Tuition for a Music Major: What’s Included, What’s Not

If you’re a music major and your focus is performance or a performance-related area, you will be taking what are called “applied lessons” on your primary instrument (including voice).

We’ve polled some of the participating schools on MajoringInMusic.com, and find that when private lessons are required as part of your program, those lessons are taken for credit. And the cost of those credit hours are usually included in your overall tuition. Schools often set a maximum number of credit hours that can be taken at the normal rate of tuition each semester or quarter. Above that number, you can anticipate additional charges.

The Extras

Most schools require a music major to pay fees in addition to tuition. The amount varies from school to school, and what’s covered by those fees also differs. For instance, at Northwestern’s Bienen School of Music, accompanist fees are included, while this may not be the case at other schools.

The use of practice rooms is typically included in tuition, however policies vary at different schools and some may charge to reserve a specific practice room throughout the year.
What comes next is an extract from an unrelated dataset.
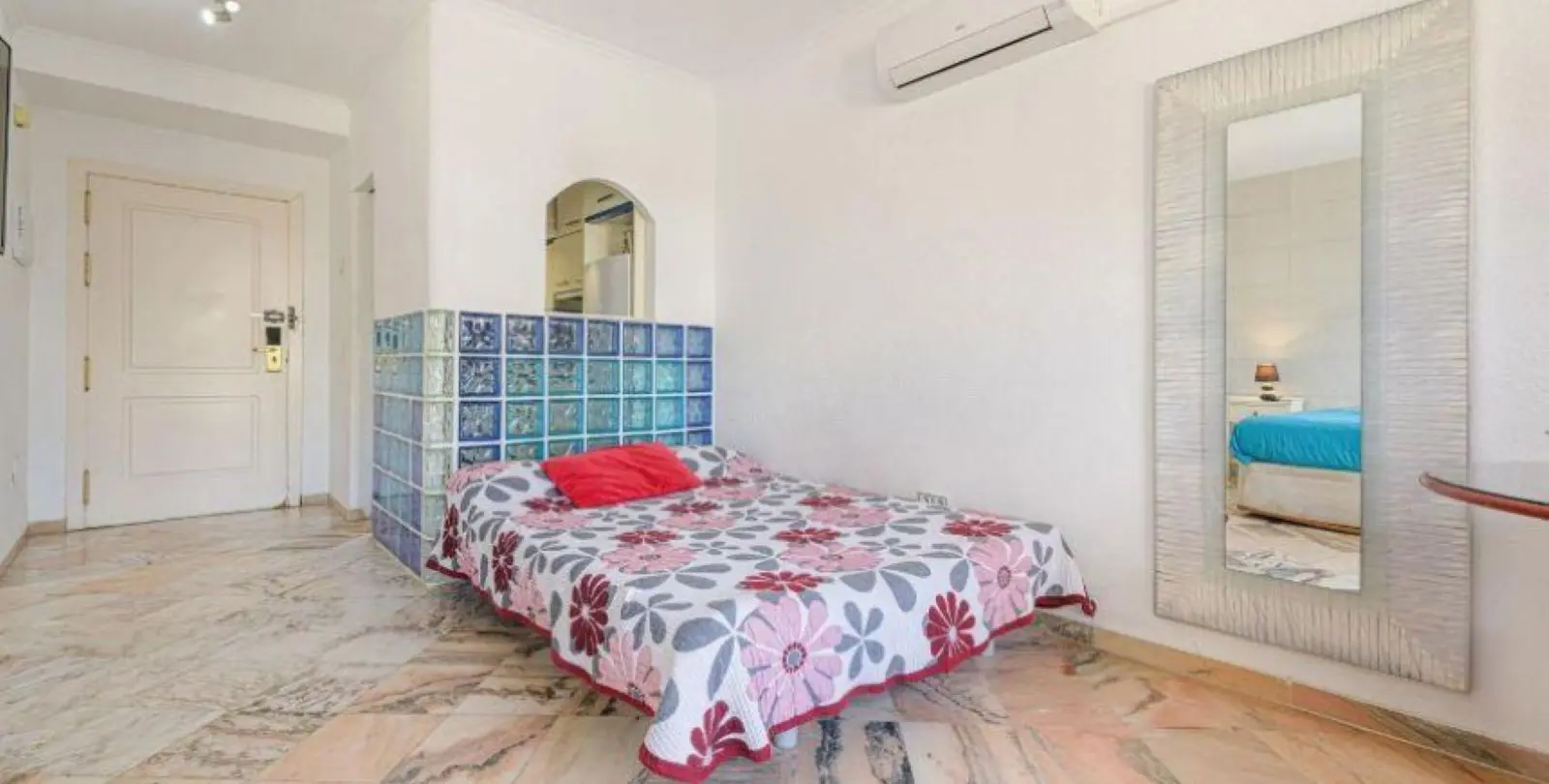 Продажа апартаментов на первом этаже в Elviria 11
Students who decide to take lessons on a second instrument can anticipate additional fees at many schools. Those who take lessons from faculty other than their primary teacher, from an visiting artist-in-residence, or from a non-faculty instructor can expect to be charged extra for those lessons.

What to Find Out

Prospective music majors are encouraged to visit the tuition page of schools they’re serious about to find out:

  • Are private lessons included in the basic tuition?
  • What are the additional required fees and will scholarships from the schools themselves cover these?
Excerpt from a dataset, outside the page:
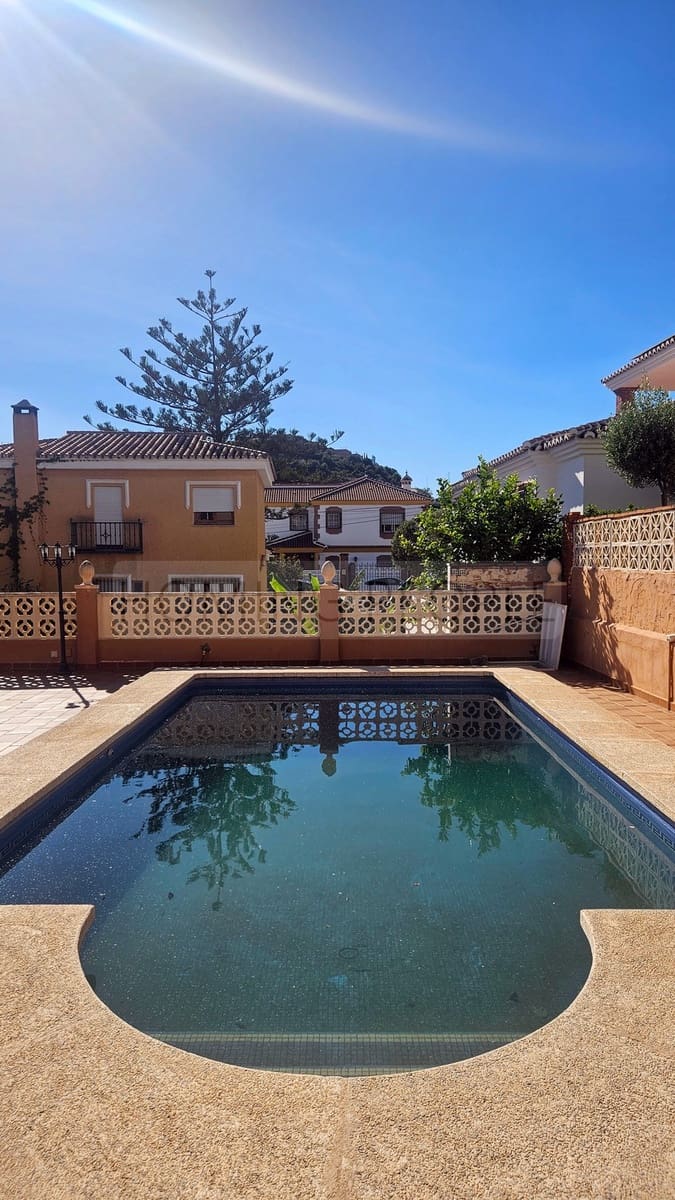 5 bedroom Villa for rent in Rincon de la Victoria with pool garage - € 3,500 (Ref: 9787025)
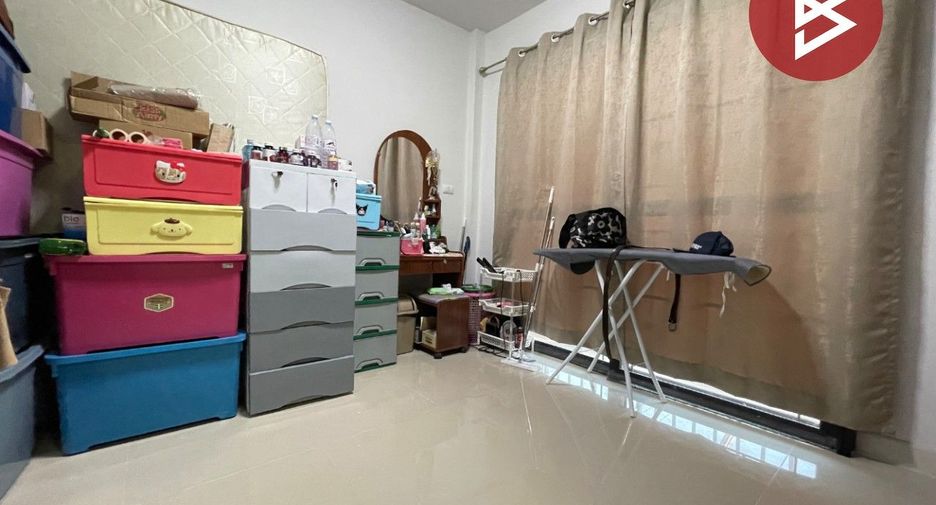 Casa adosada en venta de 3 habitaciones en Phan Thong, Chonburi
If the answers aren’t apparent, contact the schools directly. In fact, you can use the forms on the participating school pages to learn about policies at these schools.

 

Comments

    • It totally depends on what program you’re applying for and at which school you’re applying. Music business and music industry applicants don’t necessarily need to play an instrument, depending on what school they apply to. Therefore, read carefully each school’s application and audition requirements.